Items from a dataset:
════════
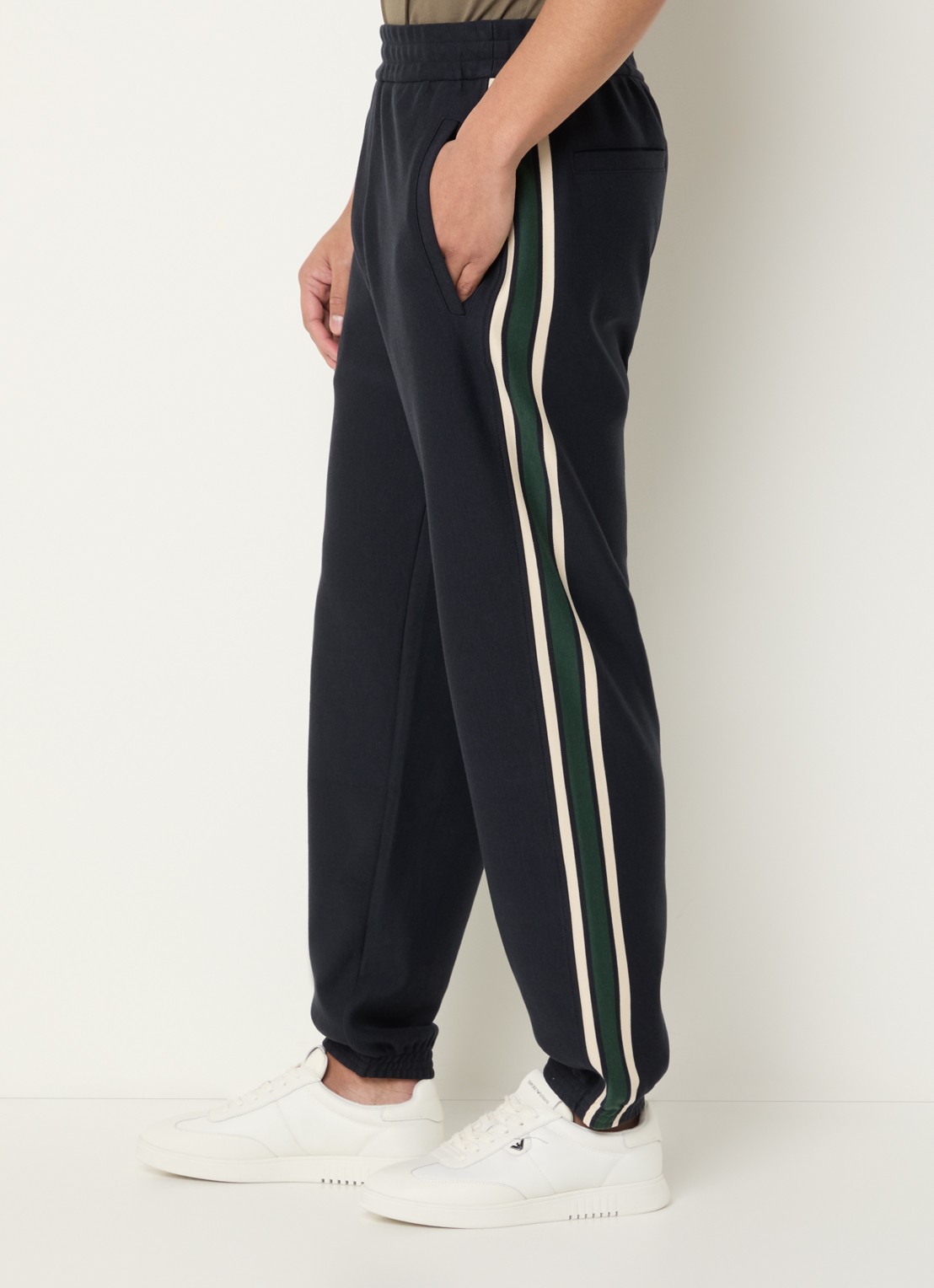 Armani Mid waist tapered fit joggingbroek - detail 2 donkerblauw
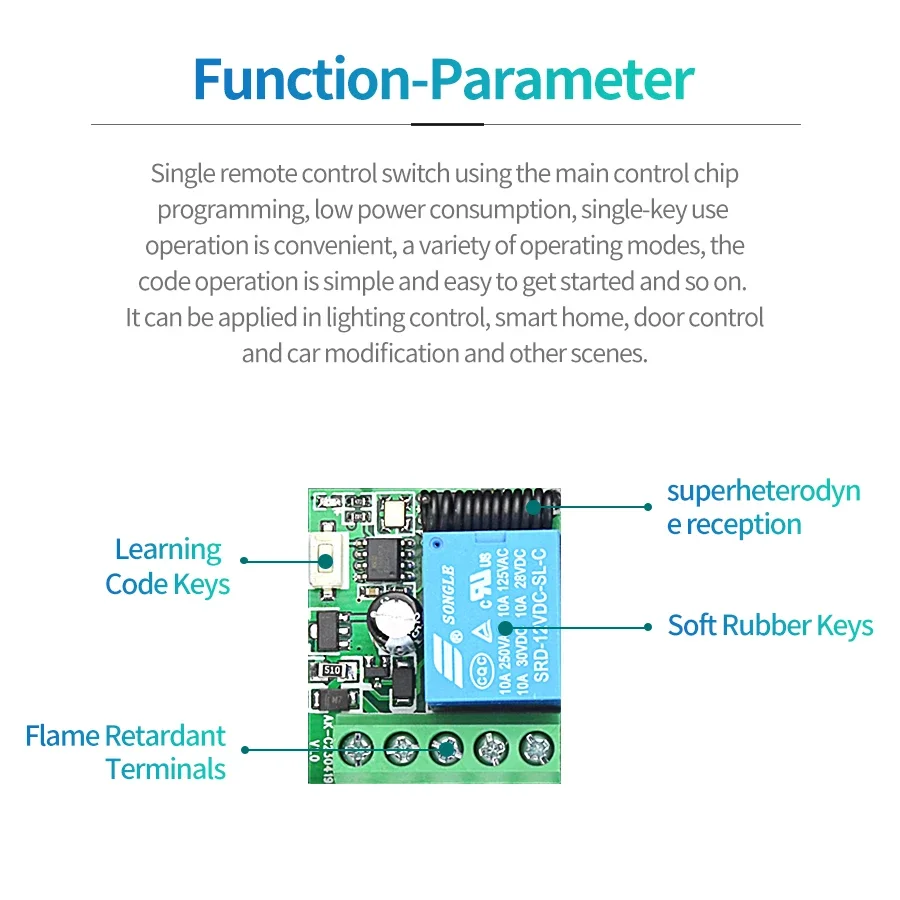 Remote Control Wireless Light Switch DIY Module DC 12V 1CH 10A Relay RF433Mhz Receiver Transmitter for Door Electromagnetic Lock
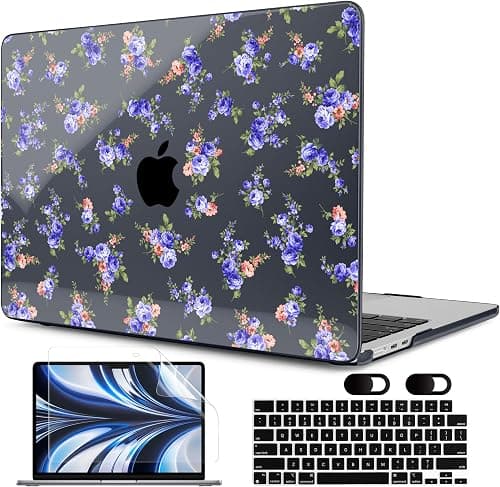 MEEgoodo Case for M4/M3/M2 MacBook Air 13.6 inch Case 2025 2024 2022, Fit Model A3240/A3113/A2681, Laptop Hard Shell with Keyboard Cover Compatible with MacBook Air 13 inch,Blue & Pink Roses on Amazon.ae - Price Tracker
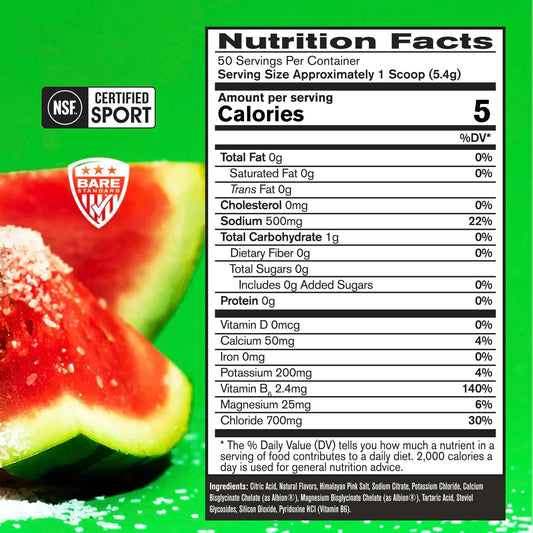BARE PERFORMANCE NUTRITION BPN Electrolytes Salted Watermelon packaging and label view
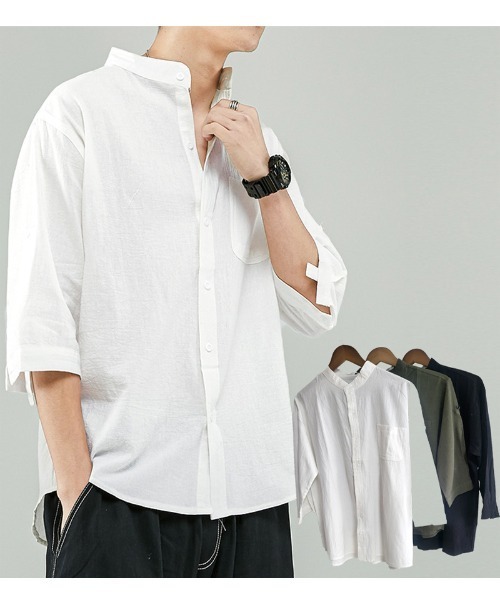 shoppinggo(ショッピングゴー)の「シャツ メンズ 7分袖シャツ(シャツ/ブラウス・レディース・ホワイト/グリーン/ブラック・M/L/XL/XXL/XXXL)」の11枚目の写真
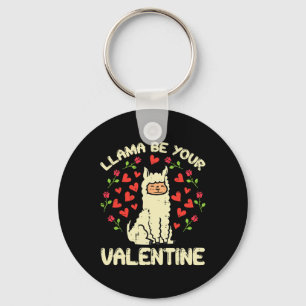 Llavero Llama a ser tu Valentín lindo alpaca masculina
════════
DESCRIPTION OF THE TASK: Every line above should be returned exactly; the pictures stay out.

EXERCISE ANSWER:
 Armani Mid waist tapered fit joggingbroek - detail 2 donkerblauw
 Remote Control Wireless Light Switch DIY Module DC 12V 1CH 10A Relay RF433Mhz Receiver Transmitter for Door Electromagnetic Lock
 MEEgoodo Case for M4/M3/M2 MacBook Air 13.6 inch Case 2025 2024 2022, Fit Model A3240/A3113/A2681, Laptop Hard Shell with Keyboard Cover Compatible with MacBook Air 13 inch,Blue & Pink Roses on Amazon.ae - Price Tracker
BARE PERFORMANCE NUTRITION BPN Electrolytes Salted Watermelon packaging and label view
 shoppinggo(ショッピングゴー)の「シャツ メンズ 7分袖シャツ(シャツ/ブラウス・レディース・ホワイト/グリーン/ブラック・M/L/XL/XXL/XXXL)」の11枚目の写真
 Llavero Llama a ser tu Valentín lindo alpaca masculina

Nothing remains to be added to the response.